:: INPUT DATA ::
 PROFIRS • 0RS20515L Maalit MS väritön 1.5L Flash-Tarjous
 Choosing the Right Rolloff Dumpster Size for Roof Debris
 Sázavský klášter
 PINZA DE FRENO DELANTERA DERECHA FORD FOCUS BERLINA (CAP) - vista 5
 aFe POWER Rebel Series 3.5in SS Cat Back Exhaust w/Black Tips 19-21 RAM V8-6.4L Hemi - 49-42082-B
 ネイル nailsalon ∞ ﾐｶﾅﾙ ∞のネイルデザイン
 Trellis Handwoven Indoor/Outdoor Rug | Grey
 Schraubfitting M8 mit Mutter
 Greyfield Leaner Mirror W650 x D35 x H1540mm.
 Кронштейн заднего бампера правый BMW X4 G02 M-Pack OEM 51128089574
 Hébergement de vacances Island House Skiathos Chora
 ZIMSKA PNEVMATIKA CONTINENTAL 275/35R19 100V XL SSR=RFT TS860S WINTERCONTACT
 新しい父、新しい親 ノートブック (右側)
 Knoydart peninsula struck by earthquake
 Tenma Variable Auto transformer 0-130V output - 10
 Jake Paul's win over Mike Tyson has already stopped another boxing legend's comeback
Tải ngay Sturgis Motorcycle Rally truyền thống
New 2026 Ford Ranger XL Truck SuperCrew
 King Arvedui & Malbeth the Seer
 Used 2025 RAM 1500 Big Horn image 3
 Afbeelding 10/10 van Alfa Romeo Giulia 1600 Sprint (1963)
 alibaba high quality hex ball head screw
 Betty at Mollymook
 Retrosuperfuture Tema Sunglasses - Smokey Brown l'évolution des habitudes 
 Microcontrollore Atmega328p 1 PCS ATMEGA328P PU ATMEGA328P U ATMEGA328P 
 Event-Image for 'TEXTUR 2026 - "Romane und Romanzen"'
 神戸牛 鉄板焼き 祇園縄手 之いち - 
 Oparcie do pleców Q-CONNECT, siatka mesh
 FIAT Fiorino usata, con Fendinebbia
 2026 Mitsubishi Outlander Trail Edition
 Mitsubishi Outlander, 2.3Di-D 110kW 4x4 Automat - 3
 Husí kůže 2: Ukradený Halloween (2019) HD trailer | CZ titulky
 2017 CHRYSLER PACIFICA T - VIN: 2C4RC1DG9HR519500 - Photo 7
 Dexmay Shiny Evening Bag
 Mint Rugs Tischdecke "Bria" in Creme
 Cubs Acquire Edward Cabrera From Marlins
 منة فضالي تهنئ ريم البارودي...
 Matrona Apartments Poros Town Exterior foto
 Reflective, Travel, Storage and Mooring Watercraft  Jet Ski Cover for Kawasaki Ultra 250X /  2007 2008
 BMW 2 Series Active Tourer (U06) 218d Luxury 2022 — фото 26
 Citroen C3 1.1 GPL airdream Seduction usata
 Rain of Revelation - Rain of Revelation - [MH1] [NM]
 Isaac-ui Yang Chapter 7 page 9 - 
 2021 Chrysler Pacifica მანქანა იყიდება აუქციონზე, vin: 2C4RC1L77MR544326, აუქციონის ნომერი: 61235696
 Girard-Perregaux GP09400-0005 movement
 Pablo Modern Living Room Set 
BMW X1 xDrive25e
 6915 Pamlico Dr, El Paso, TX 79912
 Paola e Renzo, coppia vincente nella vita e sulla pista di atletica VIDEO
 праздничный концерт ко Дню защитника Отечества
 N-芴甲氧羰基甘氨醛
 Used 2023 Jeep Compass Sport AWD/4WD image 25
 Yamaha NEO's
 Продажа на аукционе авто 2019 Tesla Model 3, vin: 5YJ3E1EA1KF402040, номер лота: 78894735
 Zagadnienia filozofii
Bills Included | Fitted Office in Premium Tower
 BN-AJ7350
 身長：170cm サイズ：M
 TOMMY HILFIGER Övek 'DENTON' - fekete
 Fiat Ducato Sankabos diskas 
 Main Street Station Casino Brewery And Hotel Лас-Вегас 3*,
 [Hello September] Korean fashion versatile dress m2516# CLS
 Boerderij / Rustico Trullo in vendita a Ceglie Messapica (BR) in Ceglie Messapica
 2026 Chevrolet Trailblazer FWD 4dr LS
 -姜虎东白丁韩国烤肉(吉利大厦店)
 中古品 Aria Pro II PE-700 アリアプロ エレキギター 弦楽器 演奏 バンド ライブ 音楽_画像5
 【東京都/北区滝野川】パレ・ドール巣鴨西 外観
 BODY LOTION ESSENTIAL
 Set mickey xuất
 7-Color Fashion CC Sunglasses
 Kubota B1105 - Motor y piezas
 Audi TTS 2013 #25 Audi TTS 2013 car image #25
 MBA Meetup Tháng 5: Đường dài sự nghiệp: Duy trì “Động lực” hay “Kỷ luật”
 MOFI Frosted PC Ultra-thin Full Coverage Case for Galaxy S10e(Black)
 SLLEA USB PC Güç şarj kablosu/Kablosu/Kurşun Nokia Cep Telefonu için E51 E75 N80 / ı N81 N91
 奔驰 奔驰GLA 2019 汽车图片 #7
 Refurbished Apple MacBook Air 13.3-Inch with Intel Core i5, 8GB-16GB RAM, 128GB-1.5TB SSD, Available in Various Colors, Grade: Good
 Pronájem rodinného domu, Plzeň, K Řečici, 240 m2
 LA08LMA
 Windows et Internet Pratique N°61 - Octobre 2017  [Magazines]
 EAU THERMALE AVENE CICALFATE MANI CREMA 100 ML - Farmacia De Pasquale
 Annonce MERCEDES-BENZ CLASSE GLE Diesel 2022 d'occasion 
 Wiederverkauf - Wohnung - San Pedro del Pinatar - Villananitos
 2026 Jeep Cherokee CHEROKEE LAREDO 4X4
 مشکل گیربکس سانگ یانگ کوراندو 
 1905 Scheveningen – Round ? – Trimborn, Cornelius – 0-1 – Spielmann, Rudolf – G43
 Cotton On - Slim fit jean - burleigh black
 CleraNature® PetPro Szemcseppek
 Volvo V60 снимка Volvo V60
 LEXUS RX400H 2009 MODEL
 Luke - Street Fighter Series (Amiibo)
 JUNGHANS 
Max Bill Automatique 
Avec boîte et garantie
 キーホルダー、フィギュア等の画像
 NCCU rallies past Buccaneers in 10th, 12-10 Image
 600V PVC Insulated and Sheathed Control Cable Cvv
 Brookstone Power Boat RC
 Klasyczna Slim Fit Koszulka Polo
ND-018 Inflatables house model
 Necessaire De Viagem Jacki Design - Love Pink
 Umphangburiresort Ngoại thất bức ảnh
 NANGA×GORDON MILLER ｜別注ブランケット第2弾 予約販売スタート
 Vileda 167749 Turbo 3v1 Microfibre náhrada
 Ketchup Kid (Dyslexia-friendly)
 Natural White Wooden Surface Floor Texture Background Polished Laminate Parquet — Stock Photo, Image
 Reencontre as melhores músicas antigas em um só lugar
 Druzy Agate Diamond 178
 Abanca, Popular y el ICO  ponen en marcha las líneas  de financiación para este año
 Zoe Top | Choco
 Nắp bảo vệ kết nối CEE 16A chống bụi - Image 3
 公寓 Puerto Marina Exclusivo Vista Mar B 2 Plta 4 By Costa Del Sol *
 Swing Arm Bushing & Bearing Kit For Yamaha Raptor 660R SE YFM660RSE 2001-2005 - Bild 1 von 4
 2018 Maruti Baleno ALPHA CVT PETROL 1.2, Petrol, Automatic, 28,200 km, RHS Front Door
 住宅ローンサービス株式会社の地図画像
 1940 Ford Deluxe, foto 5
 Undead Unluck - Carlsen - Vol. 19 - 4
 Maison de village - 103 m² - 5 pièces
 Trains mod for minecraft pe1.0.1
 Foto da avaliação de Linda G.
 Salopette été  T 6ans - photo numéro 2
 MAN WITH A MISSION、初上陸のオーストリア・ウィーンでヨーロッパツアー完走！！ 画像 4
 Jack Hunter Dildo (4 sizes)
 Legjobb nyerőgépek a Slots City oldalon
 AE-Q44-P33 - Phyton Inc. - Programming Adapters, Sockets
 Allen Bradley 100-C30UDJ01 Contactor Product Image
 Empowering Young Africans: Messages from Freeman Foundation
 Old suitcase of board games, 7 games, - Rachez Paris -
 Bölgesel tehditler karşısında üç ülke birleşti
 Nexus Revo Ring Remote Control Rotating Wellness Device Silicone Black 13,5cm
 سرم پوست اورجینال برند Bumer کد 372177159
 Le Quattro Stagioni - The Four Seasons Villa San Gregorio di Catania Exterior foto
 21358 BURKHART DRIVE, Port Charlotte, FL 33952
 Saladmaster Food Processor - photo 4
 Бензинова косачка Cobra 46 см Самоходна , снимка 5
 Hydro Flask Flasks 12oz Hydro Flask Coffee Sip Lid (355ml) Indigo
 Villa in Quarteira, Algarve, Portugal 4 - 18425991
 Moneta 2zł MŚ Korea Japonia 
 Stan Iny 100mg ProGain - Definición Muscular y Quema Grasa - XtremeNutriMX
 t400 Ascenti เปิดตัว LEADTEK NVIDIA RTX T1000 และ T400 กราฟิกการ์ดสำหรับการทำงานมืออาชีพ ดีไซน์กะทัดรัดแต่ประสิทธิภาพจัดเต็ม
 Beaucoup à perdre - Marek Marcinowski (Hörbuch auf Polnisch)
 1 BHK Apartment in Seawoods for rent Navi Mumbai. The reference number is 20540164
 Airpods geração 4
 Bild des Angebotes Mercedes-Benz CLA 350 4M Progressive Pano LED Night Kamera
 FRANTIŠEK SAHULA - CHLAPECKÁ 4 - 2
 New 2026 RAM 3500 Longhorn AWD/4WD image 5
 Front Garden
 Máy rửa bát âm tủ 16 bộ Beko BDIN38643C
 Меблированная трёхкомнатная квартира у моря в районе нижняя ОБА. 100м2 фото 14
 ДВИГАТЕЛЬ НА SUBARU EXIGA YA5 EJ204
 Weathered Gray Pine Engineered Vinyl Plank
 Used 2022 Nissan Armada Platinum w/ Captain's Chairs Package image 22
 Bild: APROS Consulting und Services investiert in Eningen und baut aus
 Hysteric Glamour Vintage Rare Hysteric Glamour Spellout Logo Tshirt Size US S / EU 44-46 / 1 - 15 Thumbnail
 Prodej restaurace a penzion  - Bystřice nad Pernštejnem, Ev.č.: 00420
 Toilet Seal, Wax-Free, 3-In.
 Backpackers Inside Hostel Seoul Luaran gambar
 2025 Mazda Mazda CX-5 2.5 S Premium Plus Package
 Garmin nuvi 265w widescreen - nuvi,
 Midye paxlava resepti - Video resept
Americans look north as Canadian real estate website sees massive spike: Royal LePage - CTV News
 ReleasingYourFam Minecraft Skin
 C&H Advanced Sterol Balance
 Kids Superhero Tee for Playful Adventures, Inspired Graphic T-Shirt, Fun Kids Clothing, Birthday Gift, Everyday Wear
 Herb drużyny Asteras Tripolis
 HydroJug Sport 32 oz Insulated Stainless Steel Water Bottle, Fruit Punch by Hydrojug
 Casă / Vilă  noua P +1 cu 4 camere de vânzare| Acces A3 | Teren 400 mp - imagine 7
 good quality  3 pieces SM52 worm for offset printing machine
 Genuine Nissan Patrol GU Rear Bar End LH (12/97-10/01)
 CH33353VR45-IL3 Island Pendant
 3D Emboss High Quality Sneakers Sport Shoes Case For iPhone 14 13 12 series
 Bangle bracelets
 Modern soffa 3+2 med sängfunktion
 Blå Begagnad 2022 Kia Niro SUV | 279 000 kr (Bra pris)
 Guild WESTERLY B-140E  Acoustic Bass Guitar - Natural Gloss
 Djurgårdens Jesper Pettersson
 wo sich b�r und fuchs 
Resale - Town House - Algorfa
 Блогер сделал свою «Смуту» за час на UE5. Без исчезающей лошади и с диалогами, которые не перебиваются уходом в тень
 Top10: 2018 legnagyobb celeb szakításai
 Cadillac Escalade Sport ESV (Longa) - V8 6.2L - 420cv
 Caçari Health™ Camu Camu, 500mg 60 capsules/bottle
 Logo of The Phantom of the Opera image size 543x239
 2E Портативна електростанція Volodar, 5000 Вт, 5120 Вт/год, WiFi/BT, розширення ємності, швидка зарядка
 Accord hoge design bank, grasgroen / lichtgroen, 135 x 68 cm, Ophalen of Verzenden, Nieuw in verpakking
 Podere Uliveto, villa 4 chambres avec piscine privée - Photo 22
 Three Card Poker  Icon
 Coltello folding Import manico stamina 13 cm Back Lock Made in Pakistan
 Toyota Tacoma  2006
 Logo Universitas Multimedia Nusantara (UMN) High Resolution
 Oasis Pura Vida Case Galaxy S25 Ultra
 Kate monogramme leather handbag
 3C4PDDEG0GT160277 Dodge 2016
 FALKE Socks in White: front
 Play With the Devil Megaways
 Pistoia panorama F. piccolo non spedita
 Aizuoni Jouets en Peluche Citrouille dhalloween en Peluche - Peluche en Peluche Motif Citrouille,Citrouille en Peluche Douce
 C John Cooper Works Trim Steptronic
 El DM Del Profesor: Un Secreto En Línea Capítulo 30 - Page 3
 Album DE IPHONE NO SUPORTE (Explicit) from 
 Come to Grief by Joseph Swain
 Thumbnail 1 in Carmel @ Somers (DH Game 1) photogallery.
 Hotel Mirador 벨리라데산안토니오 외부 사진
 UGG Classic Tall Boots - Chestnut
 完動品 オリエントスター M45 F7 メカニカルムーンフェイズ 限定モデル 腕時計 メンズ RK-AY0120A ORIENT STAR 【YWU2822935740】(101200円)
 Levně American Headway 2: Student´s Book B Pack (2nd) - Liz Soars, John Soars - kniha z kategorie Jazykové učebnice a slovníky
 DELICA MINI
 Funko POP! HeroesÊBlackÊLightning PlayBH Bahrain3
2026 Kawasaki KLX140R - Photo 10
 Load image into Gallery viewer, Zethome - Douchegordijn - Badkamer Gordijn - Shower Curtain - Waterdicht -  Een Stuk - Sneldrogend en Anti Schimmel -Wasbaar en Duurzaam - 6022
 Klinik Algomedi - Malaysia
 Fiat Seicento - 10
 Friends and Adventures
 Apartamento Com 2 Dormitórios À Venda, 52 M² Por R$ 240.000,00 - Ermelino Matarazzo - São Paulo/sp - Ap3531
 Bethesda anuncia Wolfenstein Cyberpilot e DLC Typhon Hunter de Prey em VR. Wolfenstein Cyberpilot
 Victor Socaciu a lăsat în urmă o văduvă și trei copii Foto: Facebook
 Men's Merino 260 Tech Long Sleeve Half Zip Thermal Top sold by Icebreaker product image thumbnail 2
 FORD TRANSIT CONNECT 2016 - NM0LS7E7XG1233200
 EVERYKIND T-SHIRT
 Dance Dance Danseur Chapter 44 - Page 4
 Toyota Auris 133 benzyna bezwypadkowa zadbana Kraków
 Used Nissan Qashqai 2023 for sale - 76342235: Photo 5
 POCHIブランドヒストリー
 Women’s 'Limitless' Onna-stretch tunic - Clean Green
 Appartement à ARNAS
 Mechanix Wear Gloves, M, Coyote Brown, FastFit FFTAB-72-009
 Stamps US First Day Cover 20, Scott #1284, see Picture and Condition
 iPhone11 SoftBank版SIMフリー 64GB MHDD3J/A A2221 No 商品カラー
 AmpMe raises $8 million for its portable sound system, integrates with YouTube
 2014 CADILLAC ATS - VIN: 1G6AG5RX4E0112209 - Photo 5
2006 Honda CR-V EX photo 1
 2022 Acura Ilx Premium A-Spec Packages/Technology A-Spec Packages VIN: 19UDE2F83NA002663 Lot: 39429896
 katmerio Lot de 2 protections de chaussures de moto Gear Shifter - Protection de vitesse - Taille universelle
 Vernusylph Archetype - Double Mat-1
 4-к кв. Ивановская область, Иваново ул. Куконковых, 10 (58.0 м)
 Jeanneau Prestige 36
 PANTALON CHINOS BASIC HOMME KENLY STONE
:::
Note how many lines in the material hold the word "Chapter", and give that number with nothing added.

2